* **YOUR INSTRUCTIONS**
Repeat the lines from the one containing "The Milky Way" through the last line of the data, exactly, pictures omitted.

* **AVAILABLE DATA**

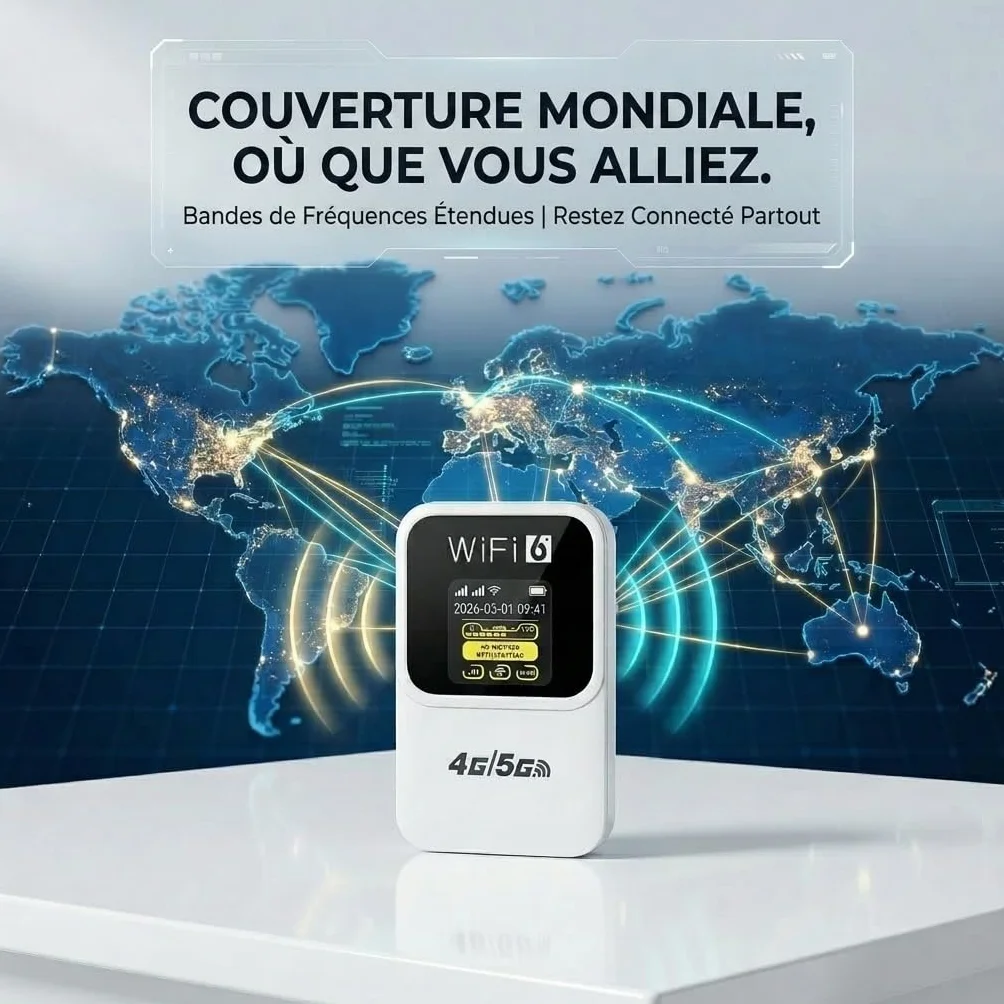 Routeur 5G Portable WiFi 6 SIM Déverrouillé Batterie 3000mAh 28 Appareils WPA3 Nano SIM Pocket WiFi Voyage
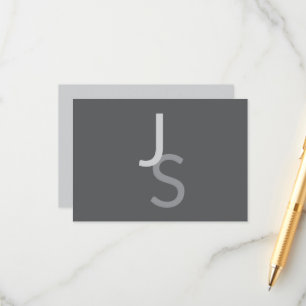 Modern Overlapping Monogrammed Initials   Grey Enclosure Card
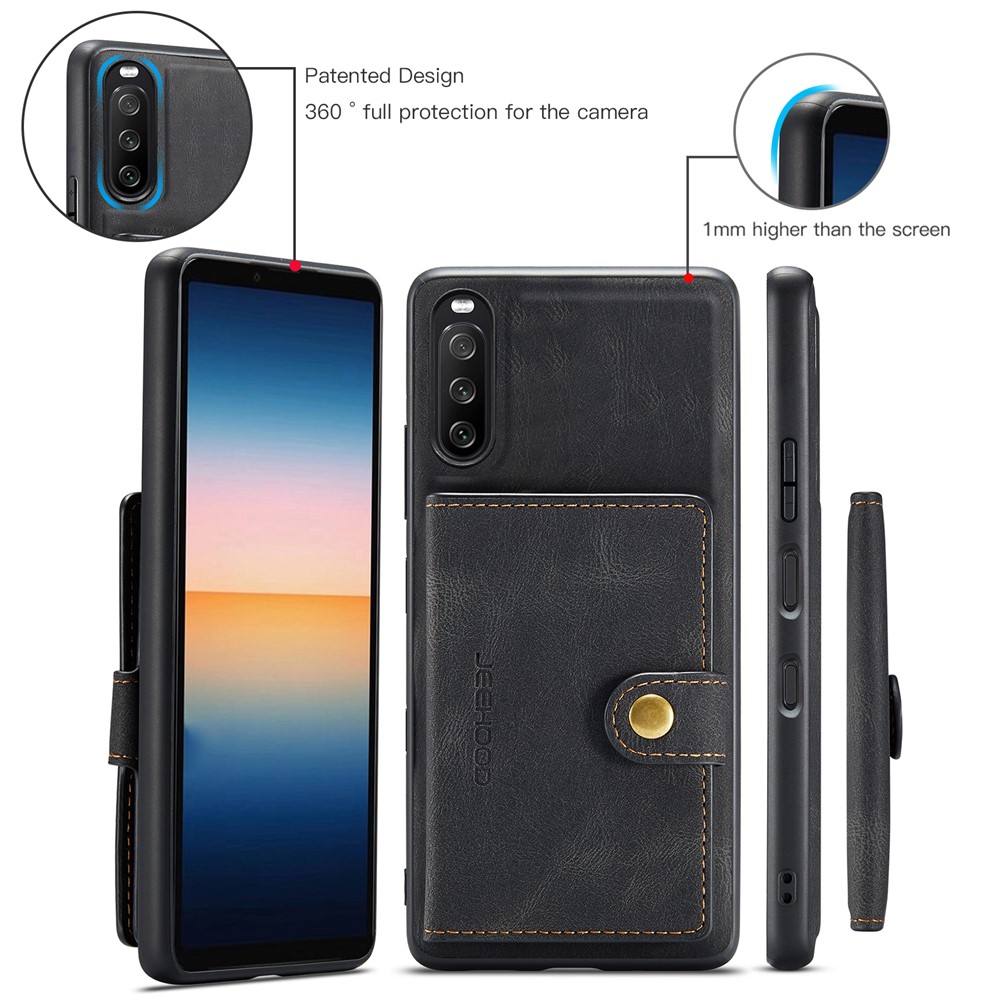 JEEHOOD Detachable 2-in-1 Leather Coated TPU Phone Case with Magnetic Clasp Wallet Design for Sony Xperia 10 III - Black-8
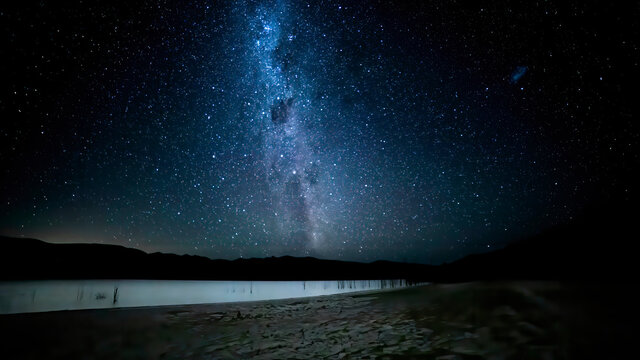 The Milky Way in the mountains of the Grampians National Park in  Victoria, Australia at a clear starry night in summer.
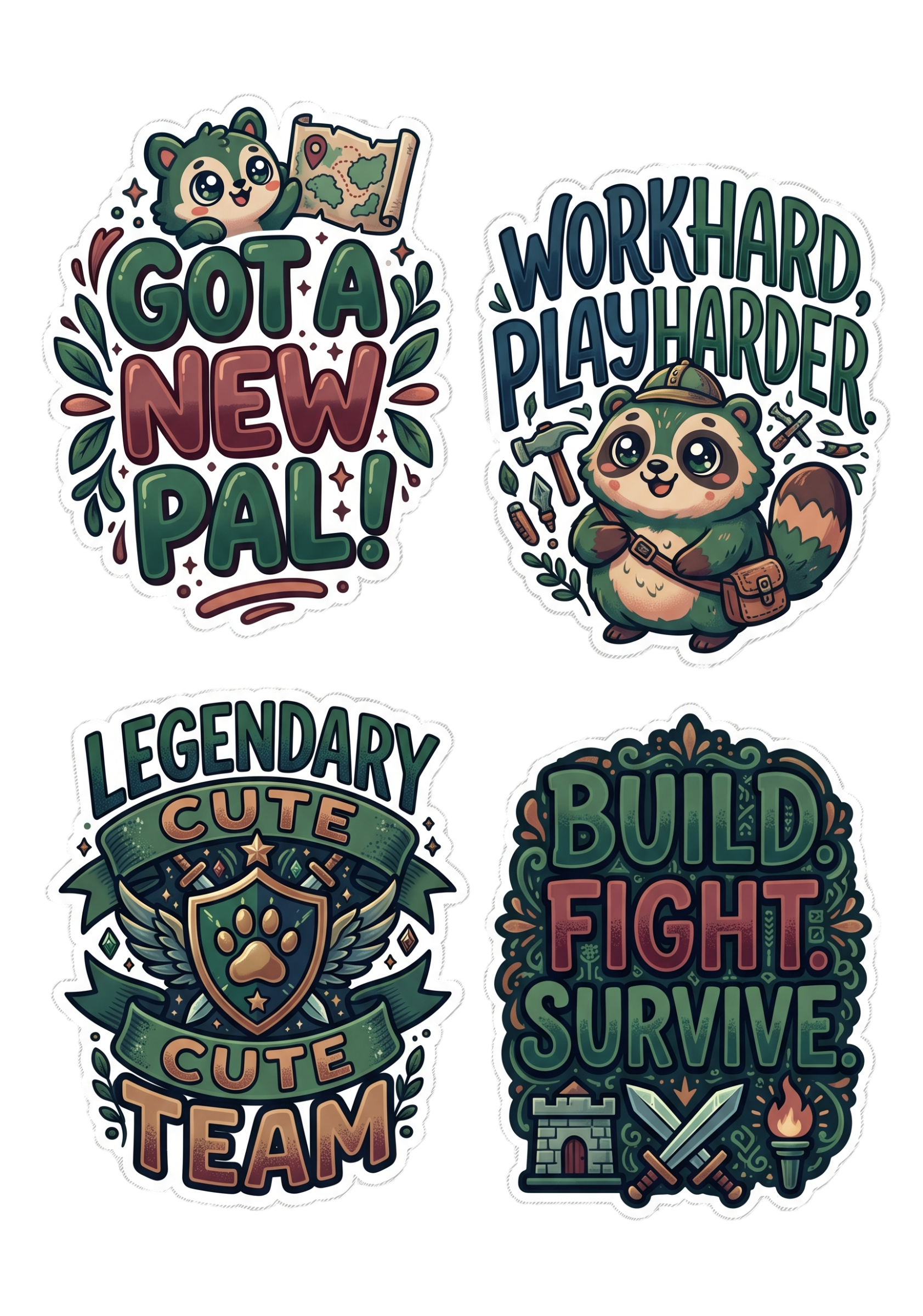 Cute Animal Sticker Pack Gaming Adventure Stickers Set of 4 Raccoon Panda Kawaii Vinyl Decals Laptop Water Bottle Planner Stickers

* **RESPONSE BOX**
 The Milky Way in the mountains of the Grampians National Park in  Victoria, Australia at a clear starry night in summer.
 Cute Animal Sticker Pack Gaming Adventure Stickers Set of 4 Raccoon Panda Kawaii Vinyl Decals Laptop Water Bottle Planner Stickers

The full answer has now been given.